**INPUT MATERIAL**
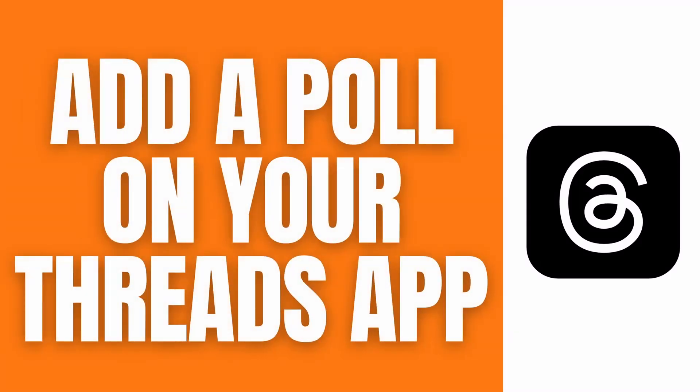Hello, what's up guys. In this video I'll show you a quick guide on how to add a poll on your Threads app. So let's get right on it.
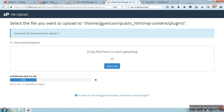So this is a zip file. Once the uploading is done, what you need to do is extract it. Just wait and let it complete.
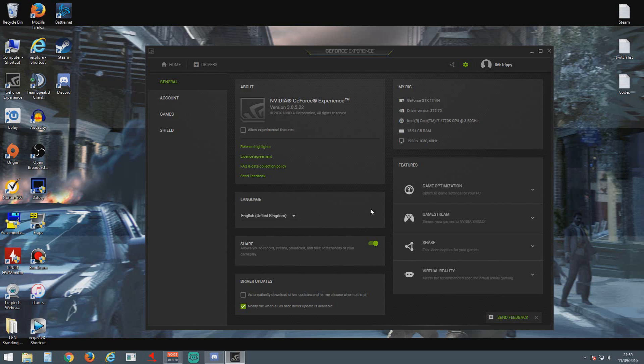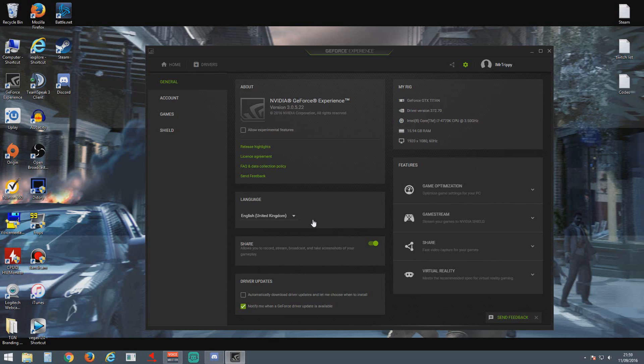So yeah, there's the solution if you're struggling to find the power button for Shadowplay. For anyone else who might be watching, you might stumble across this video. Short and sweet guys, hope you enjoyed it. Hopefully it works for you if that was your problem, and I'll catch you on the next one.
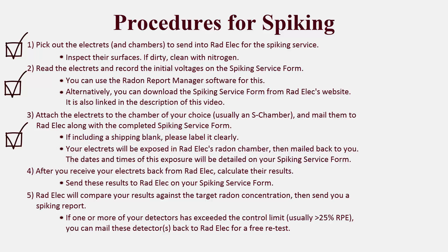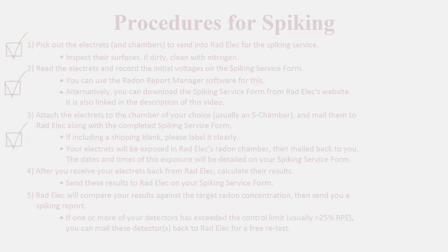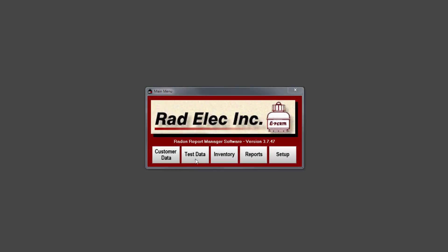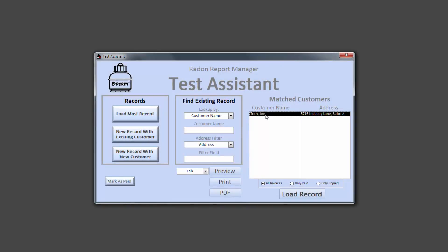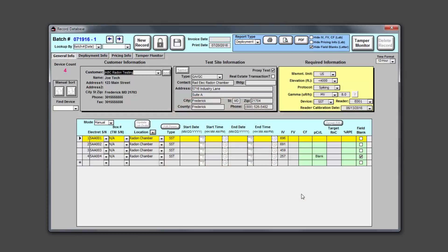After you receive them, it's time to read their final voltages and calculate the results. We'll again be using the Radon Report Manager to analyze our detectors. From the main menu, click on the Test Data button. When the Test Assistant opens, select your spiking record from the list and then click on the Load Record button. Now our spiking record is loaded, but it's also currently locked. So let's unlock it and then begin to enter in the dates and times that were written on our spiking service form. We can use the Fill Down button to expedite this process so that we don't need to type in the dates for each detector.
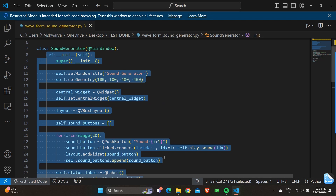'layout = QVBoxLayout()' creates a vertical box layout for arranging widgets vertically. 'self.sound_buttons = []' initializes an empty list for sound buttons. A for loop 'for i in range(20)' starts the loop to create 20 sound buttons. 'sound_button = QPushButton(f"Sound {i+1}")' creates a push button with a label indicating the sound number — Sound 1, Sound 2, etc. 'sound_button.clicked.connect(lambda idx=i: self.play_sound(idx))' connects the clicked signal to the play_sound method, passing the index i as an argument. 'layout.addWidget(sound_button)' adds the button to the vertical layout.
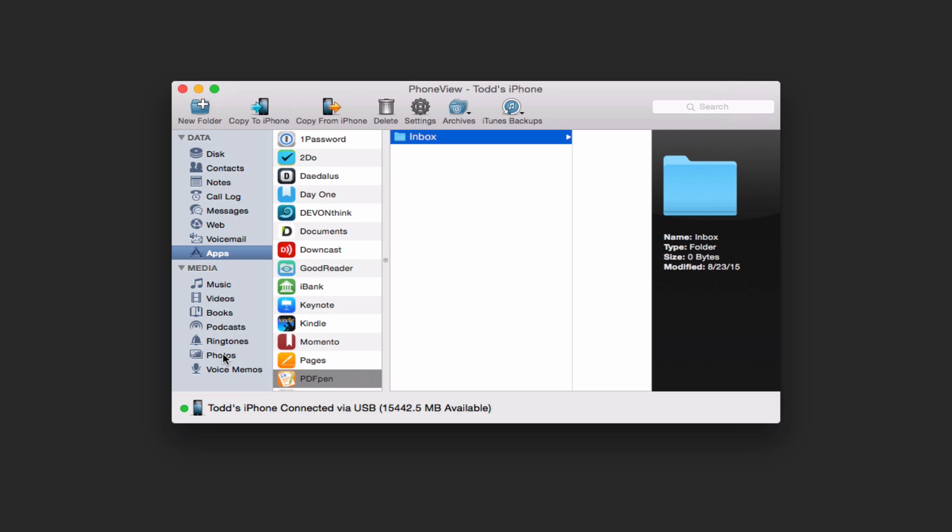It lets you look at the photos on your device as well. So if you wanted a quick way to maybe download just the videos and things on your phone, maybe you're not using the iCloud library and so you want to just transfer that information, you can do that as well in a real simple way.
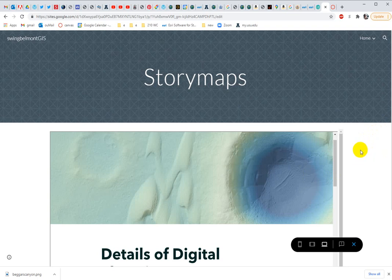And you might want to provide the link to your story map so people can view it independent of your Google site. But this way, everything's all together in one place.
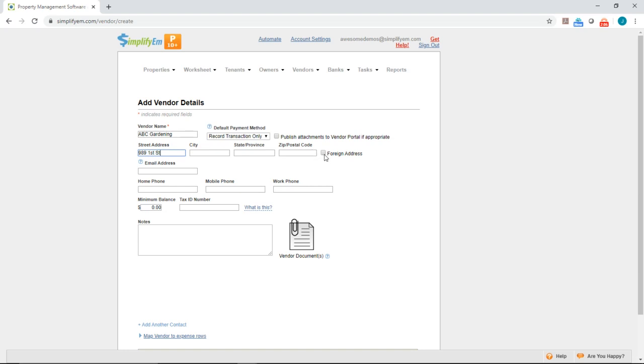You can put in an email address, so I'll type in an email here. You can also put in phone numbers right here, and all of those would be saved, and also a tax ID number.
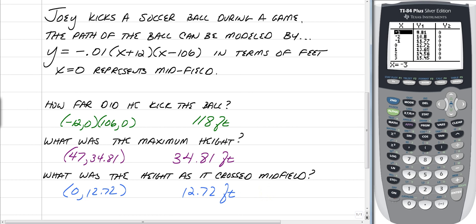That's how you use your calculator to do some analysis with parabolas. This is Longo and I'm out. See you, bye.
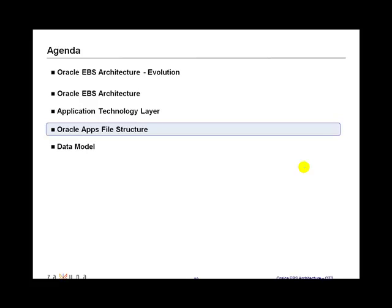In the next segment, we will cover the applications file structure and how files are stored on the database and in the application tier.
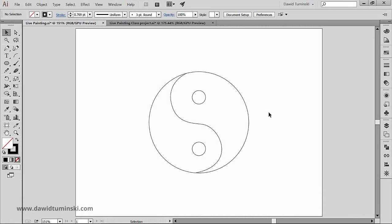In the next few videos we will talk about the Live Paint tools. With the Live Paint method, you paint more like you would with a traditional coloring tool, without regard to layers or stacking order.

**PROBLEM DESCRIPTION**
Within the listing above, write out the stretch from the line with "So yeah, there's" through the line with "After you receive" exactly. Any pictures are to be left out.

**RESPONSE AREA**
So yeah, there's the solution if you're struggling to find the power button for Shadowplay. For anyone else who might be watching, you might stumble across this video. Short and sweet guys, hope you enjoyed it. Hopefully it works for you if that was your problem, and I'll catch you on the next one.
After you receive them, it's time to read their final voltages and calculate the results. We'll again be using the Radon Report Manager to analyze our detectors. From the main menu, click on the Test Data button. When the Test Assistant opens, select your spiking record from the list and then click on the Load Record button. Now our spiking record is loaded, but it's also currently locked. So let's unlock it and then begin to enter in the dates and times that were written on our spiking service form. We can use the Fill Down button to expedite this process so that we don't need to type in the dates for each detector.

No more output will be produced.